Thursday, June 20, 2013

Uncertainty, slow government and optimal taxes

The optimal taxation literature has come up with incredibly complex and non-linear taxation schemes that have no way of making it into policy. The most complex tax code, the US one, is not complex because that would be socially optimal, it is complex because of special interests. Complex code does not make it past the politicians because they do not understand it, because it appears not to be transparent, or because its mathematical complexity scares everyone.

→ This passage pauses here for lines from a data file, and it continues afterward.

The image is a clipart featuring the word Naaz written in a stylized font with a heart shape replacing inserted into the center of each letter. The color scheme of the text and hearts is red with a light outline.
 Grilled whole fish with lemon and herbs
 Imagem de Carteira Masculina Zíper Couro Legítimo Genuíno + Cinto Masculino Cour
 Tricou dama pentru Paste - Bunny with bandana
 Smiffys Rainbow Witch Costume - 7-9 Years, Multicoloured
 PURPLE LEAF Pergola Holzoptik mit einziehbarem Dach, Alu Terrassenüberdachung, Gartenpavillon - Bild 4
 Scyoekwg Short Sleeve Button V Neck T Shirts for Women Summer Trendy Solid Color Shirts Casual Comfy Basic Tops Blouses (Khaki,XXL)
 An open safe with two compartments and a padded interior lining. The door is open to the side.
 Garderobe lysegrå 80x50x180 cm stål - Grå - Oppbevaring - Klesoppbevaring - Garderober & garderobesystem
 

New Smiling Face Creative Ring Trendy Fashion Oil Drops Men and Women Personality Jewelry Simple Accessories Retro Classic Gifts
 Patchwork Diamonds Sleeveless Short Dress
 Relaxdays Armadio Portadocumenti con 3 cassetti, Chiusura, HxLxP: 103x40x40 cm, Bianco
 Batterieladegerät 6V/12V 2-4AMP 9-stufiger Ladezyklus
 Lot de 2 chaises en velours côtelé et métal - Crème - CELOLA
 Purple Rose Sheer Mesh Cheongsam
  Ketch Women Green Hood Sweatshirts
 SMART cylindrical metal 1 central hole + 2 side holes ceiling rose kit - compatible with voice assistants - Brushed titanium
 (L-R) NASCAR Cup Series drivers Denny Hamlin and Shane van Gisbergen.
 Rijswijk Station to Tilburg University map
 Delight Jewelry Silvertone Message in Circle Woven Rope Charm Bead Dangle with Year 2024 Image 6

Marcus Berliant and Shota Fujishima claim rather that the lack of complexity on the tax code has to do with sluggishness. Governments can simply not adapt the tax code as fast as conditions change. Of course, they could also set up contingent rules, but I suppose that this is deemed opaque and subject to interpretation. Anyway, one consequence of this sluggishness is that optimal taxes start looking very different. A typical result of standard theory is that the top earner should have a zero marginal tax rate, so as to encourage this most productive person to work more. But when this person changes from period to period, or if this is the same person but he does not reach the maximum income every period, the result does not carry through. The top marginal tax rate needs to be positive to leave some headroom. But the marginal tax rate is still declining at the top. In a way, this is achieved in many countries by allowing for "loopholes" that makes it possible for the most productive people to pay less taxes.